United States District Court,
M.D. North Carolina.

Sept. 24, 2013.


[974 F.Supp.2d 867]


Arthur Hill, Concord, NC, pro se.

David Glen Guidry, King & Spalding, LLP, Charlotte, NC, Barry Goheen, J. Anthony Love, King & Spalding, LLP, Keasha Ann Broussard, King & Spaulding, LLP, Atlanta, GA, for Defendant.


MEMORANDUM OPINION AND ORDER

OSTEEN, JR., District Judge.

This matter is before the court on the Motion for Partial Judgment on the Pleadings (Doc. 34) and Motion for Summary Judgment (Doc. 55) filed by Defendant Equifax Information Services, LLC (“Defendant” or “Equifax”). Plaintiff Arthur Hill (“Plaintiff” or “Hill”) filed the instant lawsuit pro se, alleging violations of various provisions of the Fair Credit Reporting Act and related North Carolina state statutes. In response to Defendant's Motion for Partial Judgment on the Pleadings and Motion for Summary Judgment, Plaintiff filed responses (Doc. 38 and Doc. 64, respectively) and Defendant has replied (Doc. 43 and Doc. 68, respectively). The motions are now ripe for adjudication. After reviewing the motions, accompanying briefs, and relevant filings in the case, this court finds that both motions should be granted for the reasons that follow.

I. PROCEDURAL HISTORY

Arthur Hill proceeds pro se in this lawsuit filed under the Fair Credit Reporting Act, 15 U.S.C. § 1681, et seq. (“FCRA” or “the Act”) and related North Carolina state statutes. In addition to the original complaint 1 (Complaint (Doc. 3)), Plaintiff has filed an Amended Complaint (Def.'s Am. Notice of Removal, Ex. B., Am. Complaint (“Am. Compl.”) (Doc. 12–2)) and a document entitled “Supplemental Complaint” (Doc. 44).
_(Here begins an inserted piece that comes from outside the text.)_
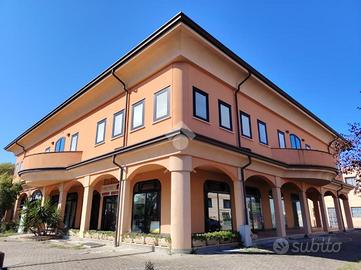 NEGOZIO A LONGIANO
From the record, it appears Plaintiff took no discovery or depositions to support his allegations.

On June 1, 2012, Equifax filed a Motion for Partial Judgment on the Pleadings (Doc. 35) as to 13 of the 28 counts set forth in Plaintiff's Complaint and Amended Complaint. On November 19, 2012, Defendant filed a Motion for Summary Judgment

[974 F.Supp.2d 868]

(Doc. 55) on those 13 counts as well as the remaining 15 counts in the Amended Complaint and all the counts asserted in the Supplemental Complaint.

Plaintiff's claims arise from what Plaintiff contends are numerous violations of the FCRA by Defendant in response to alleged errors and inaccuracies in his credit report. Plaintiff alleges a host of violations of the FCRA, including violations of § 1681b (requiring reasonable procedures regarding credit reporting), § 1681e(b) (requiring “reasonable procedures to assure maximum possible accuracy”), § 1681i(a) (requiring a reasonable reinvestigation of disputed information), § 1681c–1 (requiring the placement of fraud alerts upon request by consumers), § 1681g (requiring disclosure of a consumer's file to that consumer), and § 1681c (requiring exclusion and inclusion of certain information in credit reports). Defendant contends that its procedures are reasonable as to each requirement of the FCRA and that, in any event, Plaintiff lacks sufficient evidence of actual damages or an evidentiary basis for punitive damages to create a genuine issue of material fact.

II. FACTUAL BACKGROUND

“Fed.R.Civ.P. 56 prescribes specific procedures to be followed in submitting evidence for or against a summary judgment motion.” Orsi v. Kirkwood, 999 F.2d 86, 91 (4th Cir.1993). As noted by Defendant in its Reply (Def.'s Reply in Supp. of Mot. for Summ. J. (Doc. 68)), Orsi states that “unsworn, unauthenticated documents cannot be considered on a motion for summary judgment.” ( Id. at 3.) 2

Here, Plaintiff, in support of his claims and in response to summary judgment, has submitted very lengthy verified pleadings including a complaint, amended complaint, supplemental complaint, and affidavits, including numerous attachments. Additionally, Plaintiff has submitted his personal affidavit affirming that all the documents he has “provided in support of [his] opposition to Defendant's Motion for Summary Judgment are true and accurate copies.” (Pl.'s Resp. Br. in Opp'n of Def.'s Mot. for Summ. J. (“Pl.'s Resp. Br.”), Attach. 1, Affidavit of Arthur Hill (Doc. 64–2).) While each of Plaintiff's submissions is not directly attached to a separate affidavit, his sworn statement was filed alongside his response brief (Doc. 64), as were all his additional items of evidence.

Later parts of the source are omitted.